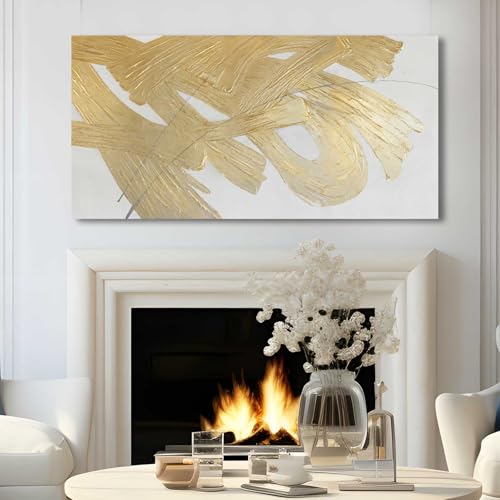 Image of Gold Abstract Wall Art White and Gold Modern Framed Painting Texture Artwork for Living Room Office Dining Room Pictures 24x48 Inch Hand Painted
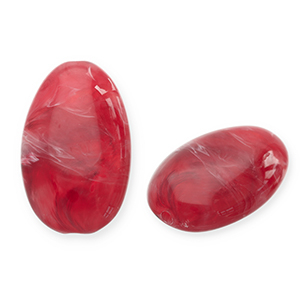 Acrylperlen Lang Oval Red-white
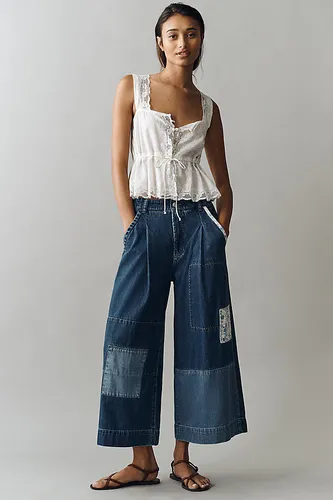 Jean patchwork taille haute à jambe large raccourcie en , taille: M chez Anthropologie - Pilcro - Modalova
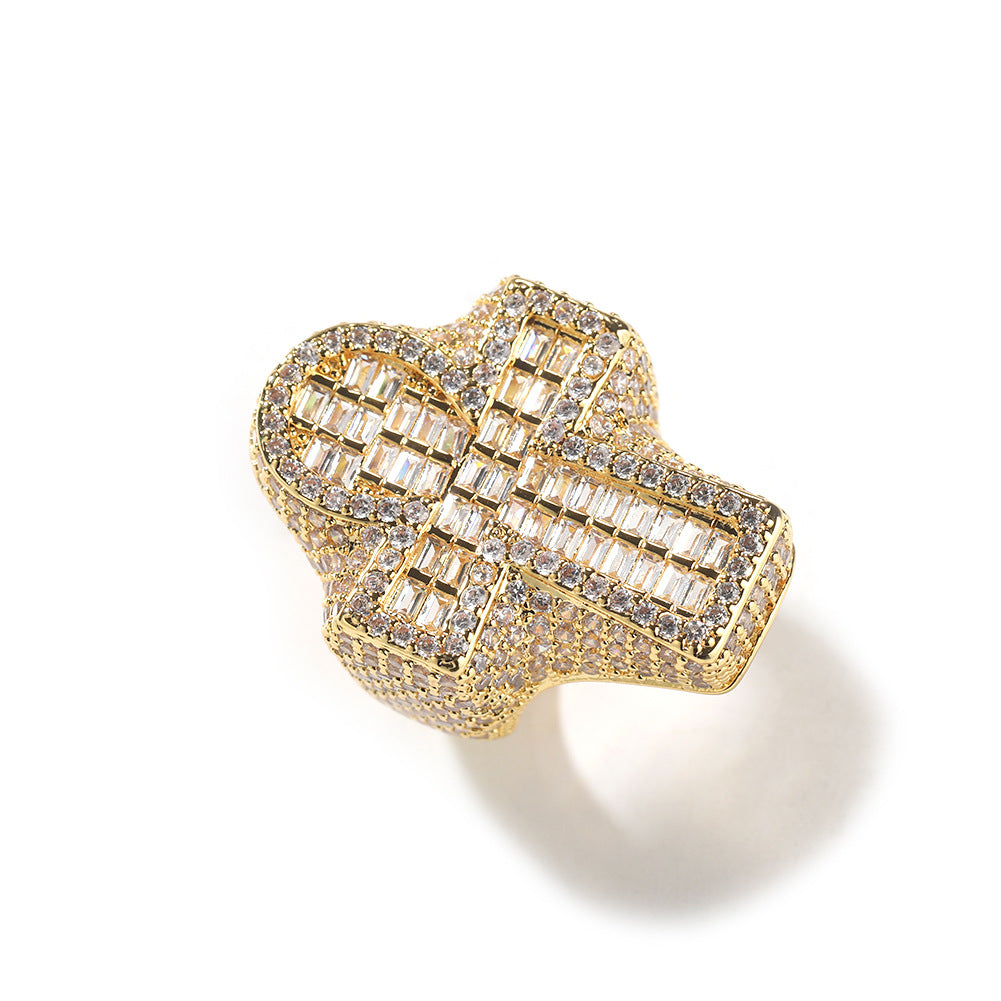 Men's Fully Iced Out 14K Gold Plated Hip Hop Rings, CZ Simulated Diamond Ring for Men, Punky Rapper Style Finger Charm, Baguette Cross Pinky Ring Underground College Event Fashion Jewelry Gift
========================================
— Problem —
Retype the data above exactly. Leave the pictures out.

— Written solution —
 Image of Gold Abstract Wall Art White and Gold Modern Framed Painting Texture Artwork for Living Room Office Dining Room Pictures 24x48 Inch Hand Painted
 Acrylperlen Lang Oval Red-white
 Jean patchwork taille haute à jambe large raccourcie en , taille: M chez Anthropologie - Pilcro - Modalova
 Men's Fully Iced Out 14K Gold Plated Hip Hop Rings, CZ Simulated Diamond Ring for Men, Punky Rapper Style Finger Charm, Baguette Cross Pinky Ring Underground College Event Fashion Jewelry Gift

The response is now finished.